What you return must be every line below that includes the word "vendre".

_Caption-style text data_
········
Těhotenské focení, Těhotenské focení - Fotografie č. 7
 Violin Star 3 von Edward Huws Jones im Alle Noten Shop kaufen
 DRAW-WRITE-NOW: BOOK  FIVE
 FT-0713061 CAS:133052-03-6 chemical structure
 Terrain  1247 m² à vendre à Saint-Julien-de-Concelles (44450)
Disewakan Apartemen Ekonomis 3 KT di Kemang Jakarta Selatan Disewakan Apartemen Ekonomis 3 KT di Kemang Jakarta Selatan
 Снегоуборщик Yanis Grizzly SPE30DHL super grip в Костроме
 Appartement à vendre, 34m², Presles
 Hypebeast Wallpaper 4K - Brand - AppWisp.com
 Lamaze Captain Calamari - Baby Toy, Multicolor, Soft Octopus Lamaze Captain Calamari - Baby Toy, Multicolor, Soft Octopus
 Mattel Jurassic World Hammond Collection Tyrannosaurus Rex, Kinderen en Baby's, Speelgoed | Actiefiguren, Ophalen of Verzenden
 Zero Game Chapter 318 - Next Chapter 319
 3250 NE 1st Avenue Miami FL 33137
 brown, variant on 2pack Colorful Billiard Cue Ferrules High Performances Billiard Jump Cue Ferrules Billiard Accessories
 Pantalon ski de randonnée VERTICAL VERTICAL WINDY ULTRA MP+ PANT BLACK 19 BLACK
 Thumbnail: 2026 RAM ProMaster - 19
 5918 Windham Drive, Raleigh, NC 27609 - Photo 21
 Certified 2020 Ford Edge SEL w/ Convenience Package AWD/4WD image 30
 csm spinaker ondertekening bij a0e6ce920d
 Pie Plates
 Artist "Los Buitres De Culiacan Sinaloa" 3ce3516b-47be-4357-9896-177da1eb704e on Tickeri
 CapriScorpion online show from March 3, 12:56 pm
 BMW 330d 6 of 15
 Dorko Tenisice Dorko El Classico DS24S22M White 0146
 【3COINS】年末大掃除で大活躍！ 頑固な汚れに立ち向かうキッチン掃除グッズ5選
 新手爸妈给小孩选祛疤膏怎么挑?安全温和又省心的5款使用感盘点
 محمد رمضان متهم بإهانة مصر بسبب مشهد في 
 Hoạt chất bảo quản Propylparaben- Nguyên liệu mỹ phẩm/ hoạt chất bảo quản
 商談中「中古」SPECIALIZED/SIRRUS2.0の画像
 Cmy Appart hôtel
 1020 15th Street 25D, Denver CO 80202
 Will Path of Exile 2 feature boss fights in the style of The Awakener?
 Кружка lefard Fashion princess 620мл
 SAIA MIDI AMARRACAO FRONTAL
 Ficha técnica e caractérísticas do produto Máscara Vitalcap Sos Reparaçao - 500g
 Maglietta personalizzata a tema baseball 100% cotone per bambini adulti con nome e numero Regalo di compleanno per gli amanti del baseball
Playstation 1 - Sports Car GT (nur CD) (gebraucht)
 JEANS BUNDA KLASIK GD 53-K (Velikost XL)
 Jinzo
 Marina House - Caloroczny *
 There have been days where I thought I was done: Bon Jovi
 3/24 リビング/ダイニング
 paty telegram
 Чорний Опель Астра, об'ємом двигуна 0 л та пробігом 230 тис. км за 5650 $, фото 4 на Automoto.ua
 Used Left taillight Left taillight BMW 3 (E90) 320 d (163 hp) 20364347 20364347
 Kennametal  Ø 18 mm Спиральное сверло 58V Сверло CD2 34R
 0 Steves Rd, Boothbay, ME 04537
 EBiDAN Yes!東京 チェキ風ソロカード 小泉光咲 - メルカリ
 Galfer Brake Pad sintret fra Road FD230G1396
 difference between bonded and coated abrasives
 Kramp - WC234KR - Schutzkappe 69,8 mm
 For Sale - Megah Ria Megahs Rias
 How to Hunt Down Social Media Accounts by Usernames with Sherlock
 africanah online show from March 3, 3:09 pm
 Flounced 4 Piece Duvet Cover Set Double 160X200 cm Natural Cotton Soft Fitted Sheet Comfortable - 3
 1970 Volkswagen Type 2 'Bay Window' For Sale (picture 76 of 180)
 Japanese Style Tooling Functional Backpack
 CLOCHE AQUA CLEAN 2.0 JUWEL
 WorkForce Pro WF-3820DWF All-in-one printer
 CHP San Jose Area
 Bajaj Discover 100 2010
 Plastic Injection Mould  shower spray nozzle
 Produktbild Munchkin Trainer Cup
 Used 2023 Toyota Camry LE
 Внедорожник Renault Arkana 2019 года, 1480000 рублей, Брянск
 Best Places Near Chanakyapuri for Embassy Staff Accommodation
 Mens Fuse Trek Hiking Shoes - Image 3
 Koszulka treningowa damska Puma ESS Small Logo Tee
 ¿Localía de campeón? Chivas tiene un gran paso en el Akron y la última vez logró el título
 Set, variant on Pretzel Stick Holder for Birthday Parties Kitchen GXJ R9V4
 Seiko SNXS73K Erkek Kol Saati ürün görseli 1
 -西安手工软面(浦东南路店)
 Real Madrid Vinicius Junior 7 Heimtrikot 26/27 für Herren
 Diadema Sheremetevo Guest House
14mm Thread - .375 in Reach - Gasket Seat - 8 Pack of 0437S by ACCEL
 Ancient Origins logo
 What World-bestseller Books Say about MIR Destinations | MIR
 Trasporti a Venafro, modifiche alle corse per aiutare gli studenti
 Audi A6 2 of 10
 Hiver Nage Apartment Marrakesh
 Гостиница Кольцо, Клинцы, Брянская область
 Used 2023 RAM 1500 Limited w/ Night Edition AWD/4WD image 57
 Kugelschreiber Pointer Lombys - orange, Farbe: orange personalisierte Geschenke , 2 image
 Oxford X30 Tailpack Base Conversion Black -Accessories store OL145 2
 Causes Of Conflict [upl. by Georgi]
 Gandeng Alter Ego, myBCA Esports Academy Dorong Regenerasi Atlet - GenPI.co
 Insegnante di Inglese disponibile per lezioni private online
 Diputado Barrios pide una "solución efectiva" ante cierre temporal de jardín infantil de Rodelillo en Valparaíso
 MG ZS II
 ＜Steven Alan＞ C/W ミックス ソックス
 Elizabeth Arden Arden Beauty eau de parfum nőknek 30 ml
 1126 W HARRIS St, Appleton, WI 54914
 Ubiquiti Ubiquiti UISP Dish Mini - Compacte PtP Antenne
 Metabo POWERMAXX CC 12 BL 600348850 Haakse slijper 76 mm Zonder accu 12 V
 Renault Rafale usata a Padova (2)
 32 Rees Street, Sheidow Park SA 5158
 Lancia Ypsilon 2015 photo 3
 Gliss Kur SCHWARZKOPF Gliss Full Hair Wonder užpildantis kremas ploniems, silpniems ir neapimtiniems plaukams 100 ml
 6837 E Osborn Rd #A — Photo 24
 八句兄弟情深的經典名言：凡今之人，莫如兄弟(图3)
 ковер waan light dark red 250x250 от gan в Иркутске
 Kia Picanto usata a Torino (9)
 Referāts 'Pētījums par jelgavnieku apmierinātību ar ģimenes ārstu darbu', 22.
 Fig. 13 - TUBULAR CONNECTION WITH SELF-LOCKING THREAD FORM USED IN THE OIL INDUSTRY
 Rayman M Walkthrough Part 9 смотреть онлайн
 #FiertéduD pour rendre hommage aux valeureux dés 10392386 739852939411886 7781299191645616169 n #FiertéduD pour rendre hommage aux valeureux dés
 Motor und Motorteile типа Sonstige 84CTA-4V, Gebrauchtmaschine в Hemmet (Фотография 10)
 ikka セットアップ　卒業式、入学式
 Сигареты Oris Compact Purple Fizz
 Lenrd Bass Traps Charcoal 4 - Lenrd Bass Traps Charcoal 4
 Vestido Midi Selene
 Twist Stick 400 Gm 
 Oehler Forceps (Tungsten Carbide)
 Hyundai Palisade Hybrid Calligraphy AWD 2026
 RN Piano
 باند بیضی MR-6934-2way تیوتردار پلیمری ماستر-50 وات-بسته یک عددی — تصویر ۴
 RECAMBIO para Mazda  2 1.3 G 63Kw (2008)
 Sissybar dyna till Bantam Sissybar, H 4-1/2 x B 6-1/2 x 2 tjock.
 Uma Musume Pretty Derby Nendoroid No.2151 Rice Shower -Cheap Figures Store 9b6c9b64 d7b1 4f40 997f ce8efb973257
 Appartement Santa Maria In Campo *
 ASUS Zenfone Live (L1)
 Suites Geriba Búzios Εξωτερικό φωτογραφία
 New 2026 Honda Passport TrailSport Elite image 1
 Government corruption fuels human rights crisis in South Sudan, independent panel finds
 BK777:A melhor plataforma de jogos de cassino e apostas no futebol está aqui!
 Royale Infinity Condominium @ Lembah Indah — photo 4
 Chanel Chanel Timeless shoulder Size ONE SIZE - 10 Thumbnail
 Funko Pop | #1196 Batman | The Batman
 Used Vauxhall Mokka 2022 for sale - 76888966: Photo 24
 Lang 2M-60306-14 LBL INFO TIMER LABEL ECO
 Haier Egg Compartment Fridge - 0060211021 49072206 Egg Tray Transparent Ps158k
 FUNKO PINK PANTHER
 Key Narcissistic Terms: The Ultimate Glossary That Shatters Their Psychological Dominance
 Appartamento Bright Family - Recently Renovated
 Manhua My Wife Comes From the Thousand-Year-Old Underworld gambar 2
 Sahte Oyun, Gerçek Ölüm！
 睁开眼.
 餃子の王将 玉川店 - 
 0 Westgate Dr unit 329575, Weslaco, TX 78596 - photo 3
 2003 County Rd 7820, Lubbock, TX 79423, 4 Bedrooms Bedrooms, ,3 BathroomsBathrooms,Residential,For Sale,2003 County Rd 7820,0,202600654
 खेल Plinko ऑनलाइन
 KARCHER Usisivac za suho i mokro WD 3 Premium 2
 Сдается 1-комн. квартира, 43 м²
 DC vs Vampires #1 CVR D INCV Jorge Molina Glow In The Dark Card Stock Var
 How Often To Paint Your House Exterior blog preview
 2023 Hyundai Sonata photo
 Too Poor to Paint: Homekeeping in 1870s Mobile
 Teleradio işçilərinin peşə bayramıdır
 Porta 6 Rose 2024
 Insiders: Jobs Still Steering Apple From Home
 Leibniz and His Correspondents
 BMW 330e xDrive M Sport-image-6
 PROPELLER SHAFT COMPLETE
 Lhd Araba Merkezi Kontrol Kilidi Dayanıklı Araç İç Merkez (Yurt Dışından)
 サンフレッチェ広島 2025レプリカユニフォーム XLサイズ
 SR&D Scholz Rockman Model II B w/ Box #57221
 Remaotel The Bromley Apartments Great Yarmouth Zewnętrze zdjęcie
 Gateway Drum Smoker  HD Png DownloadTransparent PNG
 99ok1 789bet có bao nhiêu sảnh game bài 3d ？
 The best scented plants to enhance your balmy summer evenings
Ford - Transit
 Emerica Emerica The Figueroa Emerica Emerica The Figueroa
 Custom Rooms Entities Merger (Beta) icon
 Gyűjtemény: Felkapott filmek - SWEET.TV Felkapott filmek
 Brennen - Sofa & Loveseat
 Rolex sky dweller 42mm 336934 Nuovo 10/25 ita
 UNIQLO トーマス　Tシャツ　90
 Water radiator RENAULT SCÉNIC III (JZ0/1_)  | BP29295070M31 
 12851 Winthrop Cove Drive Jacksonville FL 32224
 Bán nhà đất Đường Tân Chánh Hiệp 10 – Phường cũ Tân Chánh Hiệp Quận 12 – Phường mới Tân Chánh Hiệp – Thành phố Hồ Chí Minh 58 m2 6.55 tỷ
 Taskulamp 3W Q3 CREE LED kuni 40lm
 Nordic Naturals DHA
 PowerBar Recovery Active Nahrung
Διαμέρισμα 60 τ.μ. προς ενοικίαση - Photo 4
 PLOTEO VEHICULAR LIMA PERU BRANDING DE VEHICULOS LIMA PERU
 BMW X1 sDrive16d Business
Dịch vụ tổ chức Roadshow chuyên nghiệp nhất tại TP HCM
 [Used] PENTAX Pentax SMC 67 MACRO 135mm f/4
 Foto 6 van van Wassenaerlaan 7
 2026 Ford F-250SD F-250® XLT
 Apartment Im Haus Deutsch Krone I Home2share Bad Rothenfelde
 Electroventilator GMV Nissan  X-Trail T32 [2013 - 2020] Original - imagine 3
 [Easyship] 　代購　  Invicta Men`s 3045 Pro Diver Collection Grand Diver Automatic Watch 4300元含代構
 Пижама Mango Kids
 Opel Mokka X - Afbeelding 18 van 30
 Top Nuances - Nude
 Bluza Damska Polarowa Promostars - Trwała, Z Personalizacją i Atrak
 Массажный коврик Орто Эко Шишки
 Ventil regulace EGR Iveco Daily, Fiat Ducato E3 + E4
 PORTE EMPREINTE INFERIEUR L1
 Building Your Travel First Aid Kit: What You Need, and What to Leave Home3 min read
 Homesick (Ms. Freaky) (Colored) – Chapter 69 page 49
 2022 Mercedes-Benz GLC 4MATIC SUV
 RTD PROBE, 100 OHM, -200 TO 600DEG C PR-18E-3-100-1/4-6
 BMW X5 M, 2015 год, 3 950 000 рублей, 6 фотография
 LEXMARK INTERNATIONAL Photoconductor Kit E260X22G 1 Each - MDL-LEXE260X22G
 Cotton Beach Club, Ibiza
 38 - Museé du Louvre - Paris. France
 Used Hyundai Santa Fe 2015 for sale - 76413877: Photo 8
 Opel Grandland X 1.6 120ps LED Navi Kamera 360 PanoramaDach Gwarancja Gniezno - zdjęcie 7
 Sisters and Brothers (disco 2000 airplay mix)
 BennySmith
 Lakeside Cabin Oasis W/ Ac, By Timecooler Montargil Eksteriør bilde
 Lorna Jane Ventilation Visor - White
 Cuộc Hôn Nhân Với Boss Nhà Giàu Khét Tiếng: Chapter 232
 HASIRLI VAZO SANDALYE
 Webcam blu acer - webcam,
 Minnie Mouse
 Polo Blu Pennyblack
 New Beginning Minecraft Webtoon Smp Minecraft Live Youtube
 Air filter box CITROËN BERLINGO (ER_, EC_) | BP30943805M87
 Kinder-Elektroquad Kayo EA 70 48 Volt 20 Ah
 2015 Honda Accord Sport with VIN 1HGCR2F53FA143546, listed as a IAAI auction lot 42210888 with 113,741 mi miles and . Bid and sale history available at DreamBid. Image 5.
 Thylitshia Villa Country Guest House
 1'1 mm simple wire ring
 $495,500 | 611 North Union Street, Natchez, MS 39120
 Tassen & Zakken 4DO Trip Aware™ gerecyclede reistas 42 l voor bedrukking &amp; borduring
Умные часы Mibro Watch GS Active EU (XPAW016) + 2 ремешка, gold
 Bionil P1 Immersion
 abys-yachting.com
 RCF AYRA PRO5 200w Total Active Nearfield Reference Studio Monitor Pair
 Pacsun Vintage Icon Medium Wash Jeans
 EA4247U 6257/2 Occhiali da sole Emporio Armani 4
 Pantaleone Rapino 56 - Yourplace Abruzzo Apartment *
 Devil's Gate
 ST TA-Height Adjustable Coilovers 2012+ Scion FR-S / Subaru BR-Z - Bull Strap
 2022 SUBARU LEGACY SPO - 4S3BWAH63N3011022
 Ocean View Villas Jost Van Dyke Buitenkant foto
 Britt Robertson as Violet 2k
········
_Written answer_
 Terrain  1247 m² à vendre à Saint-Julien-de-Concelles (44450)
 Appartement à vendre, 34m², Presles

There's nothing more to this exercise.